Meanwhile, in neighbouring Suriname, where less than two years ago Cambior opened the Gross Rosebel mine 160 kilometres south of the capital Paramaribo, the company is also cashing in, announcing record profits of 20.2 million dollars last year.
As an indication of how juicy the industry has become in recent months, Rosebel yielded up 341,000 ounces for Cambior at a production cost of a mere 208 dollars per ounce.
There is no doubt we are benefiting greatly from this period. Prices are good, said spokeswoman Seeta Mohamed.
Earlier this month, gold prices hit 730 dollars per ounce. Analysts say that with the insecurity in oil hot spots like Iraq and Nigeria, many investors are likely to stick with gold as a safe haven.
Eyeing Cambior s success across its eastern border, Guyanese officials have succeeded in convincing three Canadian companies to explore large areas in the western and northwestern regions of this former British colony, but none of the projects is expected to come to fruition in less than two years.
The three, Sacre-Coeur Minerals Inc. and Strata Gold, both of Vancouver, and Ontario-based Guyana Goldfields Inc., are expected to invest an estimated 20 million dollars by the time the mines get rolling. They already employ hundreds of skilled and unskilled labourers, and this workforce could double when mining actually starts.
Robeson Benn, head of the national geology and mines commission, says conservative estimates show that each of the three mines could produce a minimum of one million ounces of gold, putting the country back on the map of major producing nations.

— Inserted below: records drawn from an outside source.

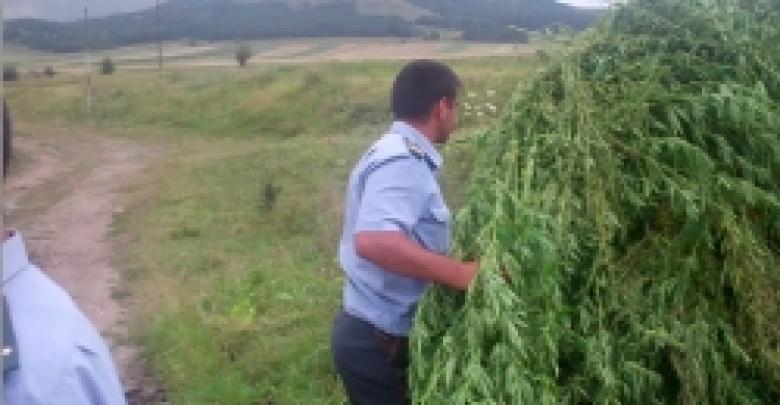 «Կանեփ-կակաչ-2014» համալիր օպերատիվ-կանխարգելիչ միջոցառման արդյունքները` 13.08.2014 թ. դրությամբ (ՏԵՍԱՆՅՈՒԹ) «Կանեփ-կակաչ-2014» համալիր օպերատիվ-կանխարգելիչ միջոցառման արդյունքները` 13.08.2014 թ. դրությամբ (ՏԵՍԱՆՅՈՒԹ)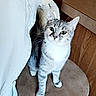 cat, gray_cat, white_cat, stool, kitchen, wooden_cabinet, blanket, curious, pet, feline, indoor, floor_tile, chair, table, domestic_animal, home, fur, whiskers, animal, looking_up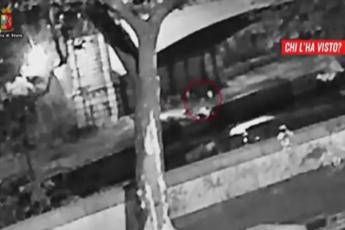 Delitto sul Tevere, il video della caduta di Beau Solomon Delitto sul Tevere, il video della caduta di Beau Solomon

Centuries ago, British explorer Sir Walter Raleigh and others had come to Guyana in search of the legendary city of gold, El Dorado, and found nothing but the country briefly lived up to that label between 1993 and September 2005 when Cambior operated Omai Gold Mines at its peak, one of the top three in the western hemisphere.
But even as the Canadians explore the mosquito-ridden Amazonian jungles in earnest, authorities have turned to small-scale miners to extract gold.
National production is expected to reach 200,000 ounces this year, 38,000 more than last year and 65,000 more than in 2004. Shields says that investors with money to spare are knocking on the doors of mining companies, betting that the surging prices will last. The same is true in Suriname, he says.
As an indication of how confident analysts are about prices holding steady, the World Bank recently invested 4.7 million dollars in the Guyana Goldfields project, even though commercial production is still two years away.
When Cambior s mines were rolling, gold had jumped from the fifth most important export earner after sugar, rice, bauxite and timber to second. It is now at number four ahead of timber.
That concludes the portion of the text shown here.